Please explain the solution

Question

2. Use a Taylor series expansion to compute an error estimate in approximating the derivative of the function $f:\mathbb R\to\mathbb R$ using the formula $$ f'(x_0) \approx \frac{f(x_0-2h)-4f(x_0-h)+3f(x_0)}{2h} $$

So $\left|f '(x_0)-G_h(x_0)\right| ≤ ch^p$ where $G_h(x_0)= \frac{f(x_0-2h)-4f(x_0-h)+3f(x_0)}{2h}$

\begin{align} f(x_0-h) &= f(x_0)-hf '(x_0)+\frac{h^2}{2}f ''(x_0)-\frac{h^3}{3!}f '''(\varepsilon) \\ -4f(x_0-h) &= -4f(x_0)+4hf '(x_0)-2h^2f ''(x_0)-\frac{h^3}{3!}f '''(\varepsilon)+\frac{4h^3}{3!}f '''(\varepsilon) \\ f(x_0-2h) &= f(x_0)-2hf '(x_0)+\frac{4h^2}{2}f ''(x_0)-\frac{8h^3}{3!}f '''(\varepsilon_1) \\ 2hG_h(x_0) &= 2hf '(x_0)+\frac{2h^3}{3}f'''(\varepsilon)-\frac{2h^3}{3}f'''(\varepsilon_1) \\ \left|G_h(x_0)-f '(x_0)\right| &= h^2\left|\frac{1}{3}f'''(\varepsilon)-\frac{2}{3}f'''(\varepsilon_1)\right| \end{align}

so $p=2$ and $c=\max \left|f'''(\varepsilon_1) \right|$

In the second last line, was the $2hG_h(x_0)$ step done to make the algebra simpler?

Answer 1

Simplicity is subjective and varies from person to person.
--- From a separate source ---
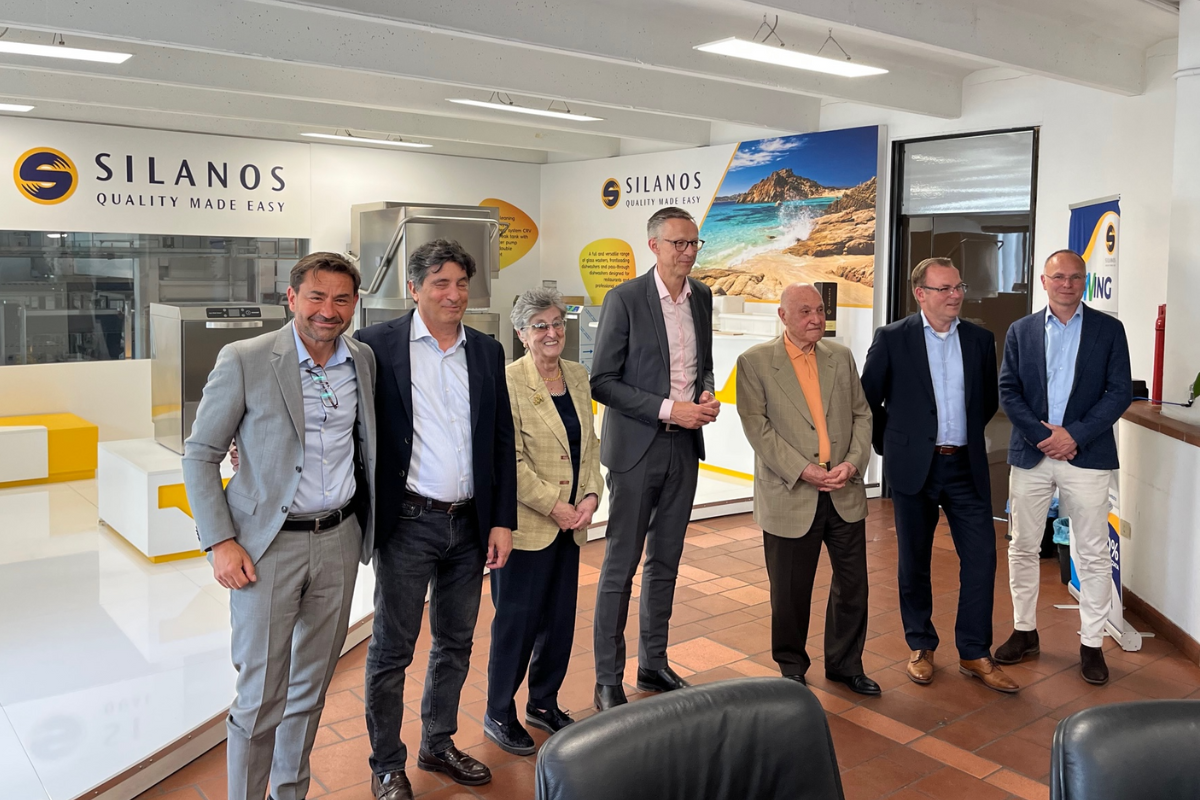 Gruppbild vid kontoret på italienska familjeägda företaget Silanos vid Signering med Sandberg Development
However, if the computation was to be done on blackboard, then I would choose to expand $2hG_h(x_0)$ rather than $G_h(x_0)$, so that I would not waste the space associated with a long fraction where the nominator is trivial and all the computational work takes place in the denominator.

Important details are omitted in the above calculation. Depending on expected outcome of the class, a student could lose a significant amount of points. Specifically, there is no mention of the fact that the function must be three times differentiable before Taylor's theorem can be applied to produce $\epsilon$ and $\epsilon_1$. There is no statement recording that $\epsilon$ is in the interval between $x_0$ and $x_0-h$ and that $\epsilon_1$ is in the interval between $x_0$ and $x_0-2h$. While Taylor expansions are mentioned in the problem description, it would be appropriate to invoke Taylor's theorem explicitly in the solution. While $h>0$ is the standard choice, there is no harm in eliminating any doubt.

Finally, the given value of $c$ should be adjusted. We are interested only in small $h$, so there is no harm in limiting ourselves to $0 < h \leq h_0$ for some choice of $h_0 >0$. In this case \begin{equation} c = \max \{ f^{(3)}(x) \: | \: x \in [x_0 - 2h_0,x_0] \}. \end{equation} There is still one catch! We need $f^{(3)}$ to be continuous or it might not assume its maximum value on the interval $[x_0-2h,x_0]$.